WHAT THIS TASK INVOLVES: Retype exactly every line from the one that includes "Adorn The Angelic" through the final line of the listing, both ends kept, and omit the pictures.

################

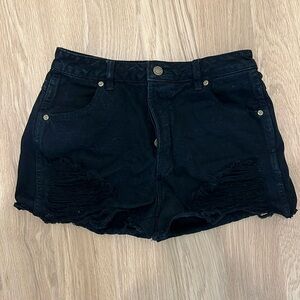Rolla’s Original Short in black distressed denim. Size 28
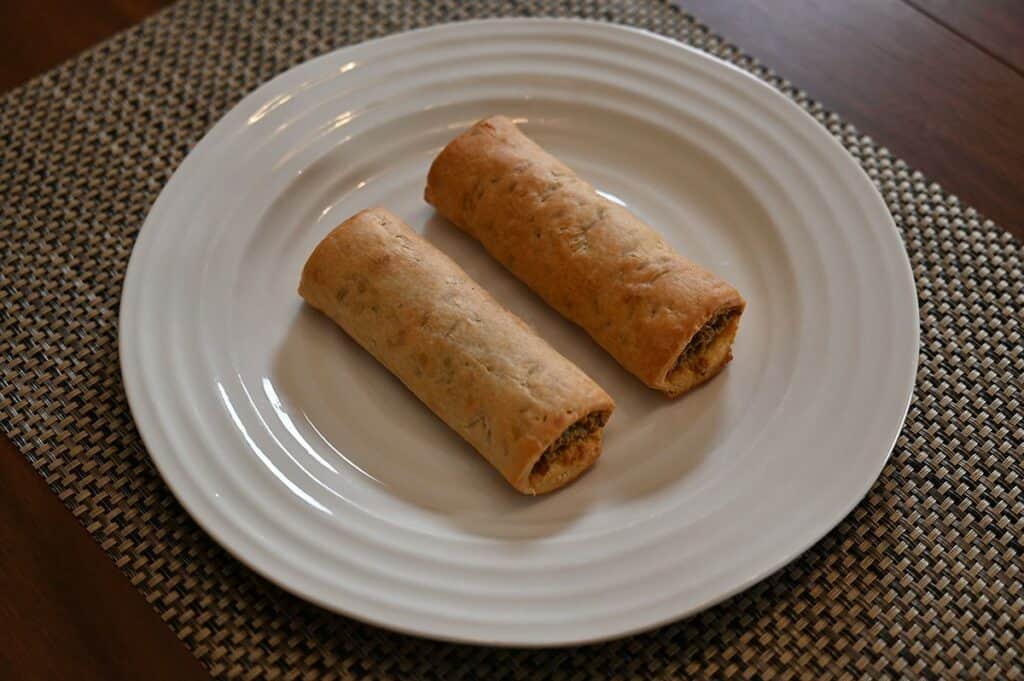 Image of two Costco Prairie Creek Kitchen Sausage Beef Rolls cooked and on a plate 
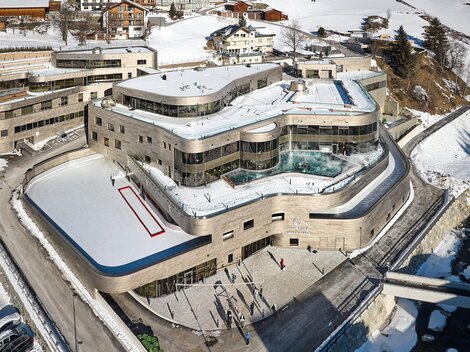 Ein modernes Gebäude in einer schneebedeckten Landschaft mit einem ganzjährig zugänglichen Eisfeld. Die Architektur ist elegant, umgeben von malerischen Bergen und Ferienhäusern.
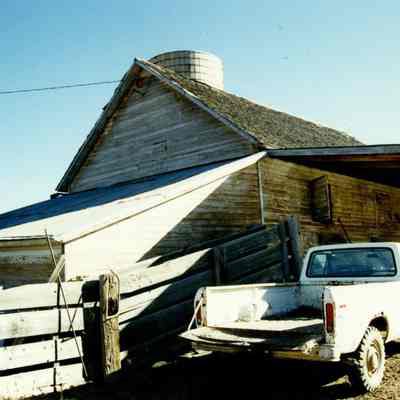 Silo on Brunner Property with a Building and a White Truck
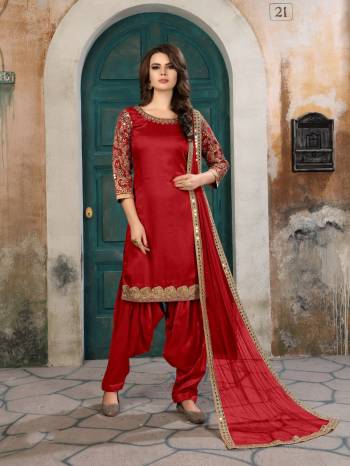 Adorn The Angelic Look Wearing This Suit In Red Color Paired With Red Colored Bottom And Dupatta. Its Top Is Fabricated On Art Silk Paired With Santoon Bottom And Net Dupatta. It Has Attractive Embroidery Over The Sleeves, Panel And Border Of Dupatta. Buy It Soon.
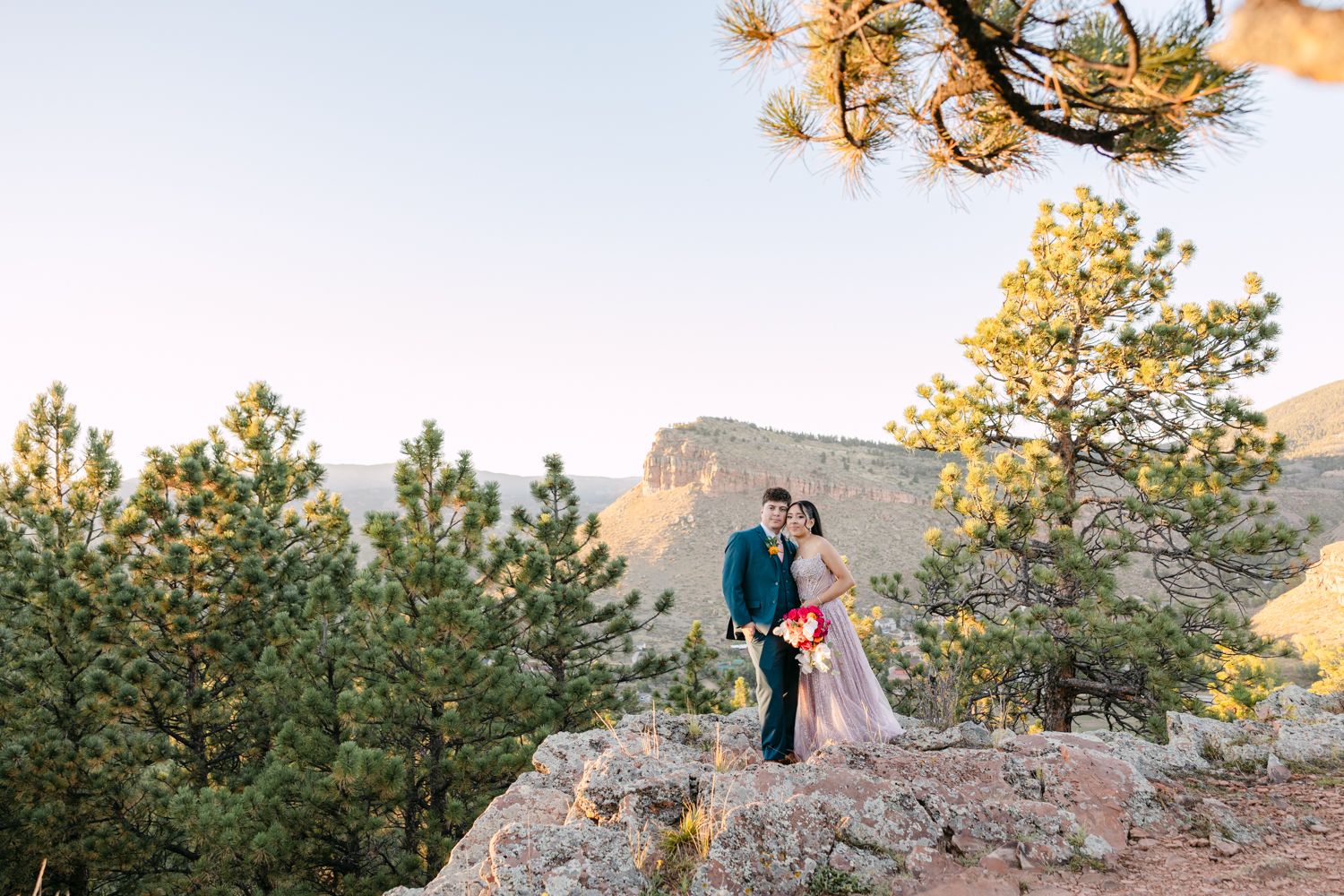 A couple shares romantic moments against a scenic mountain backdrop at sunset while wearing formal attire.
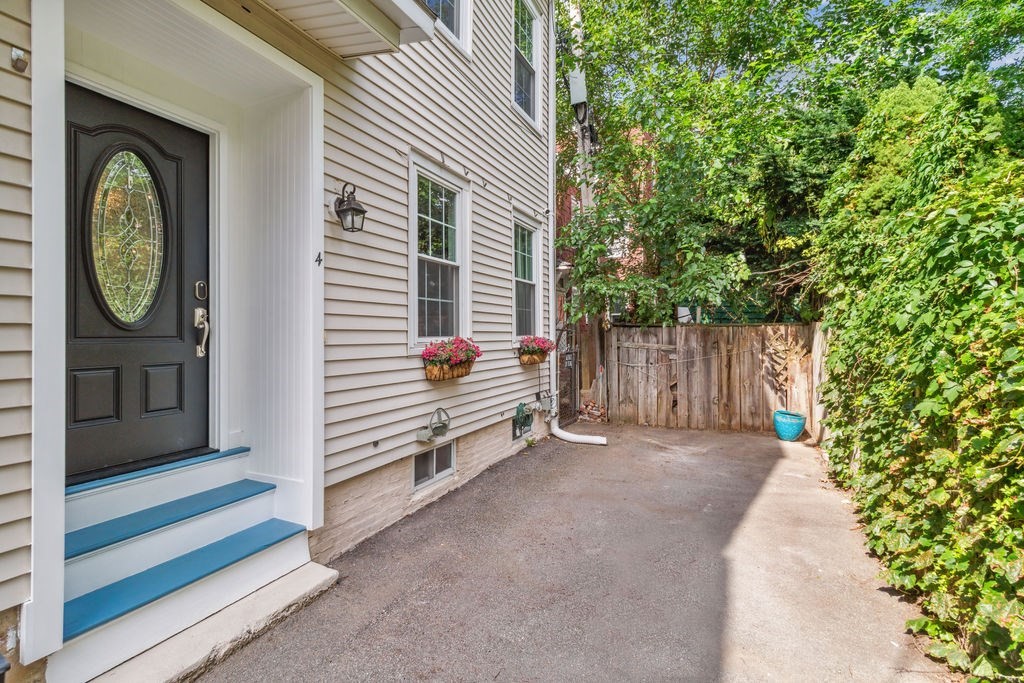4 Goodwin Court Boston, MA 02127 - Photo 22 of 27 a view of a house with a backyard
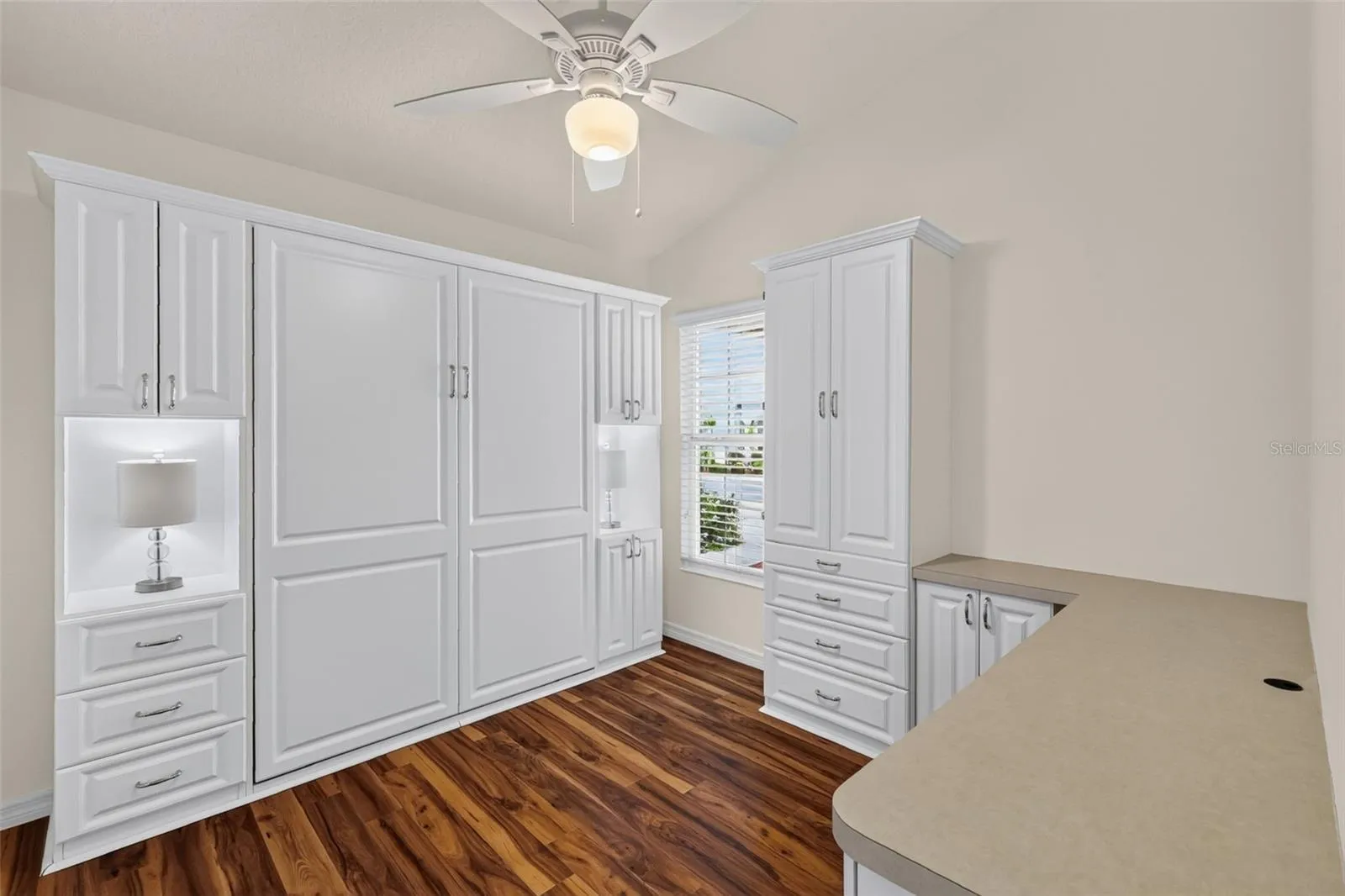 Second Bedroom with Murphy Bed, Custom Cabinetry, and Built-In Desk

################

EXERCISE OUTPUT:
 Adorn The Angelic Look Wearing This Suit In Red Color Paired With Red Colored Bottom And Dupatta. Its Top Is Fabricated On Art Silk Paired With Santoon Bottom And Net Dupatta. It Has Attractive Embroidery Over The Sleeves, Panel And Border Of Dupatta. Buy It Soon.
 A couple shares romantic moments against a scenic mountain backdrop at sunset while wearing formal attire.
4 Goodwin Court Boston, MA 02127 - Photo 22 of 27 a view of a house with a backyard
 Second Bedroom with Murphy Bed, Custom Cabinetry, and Built-In Desk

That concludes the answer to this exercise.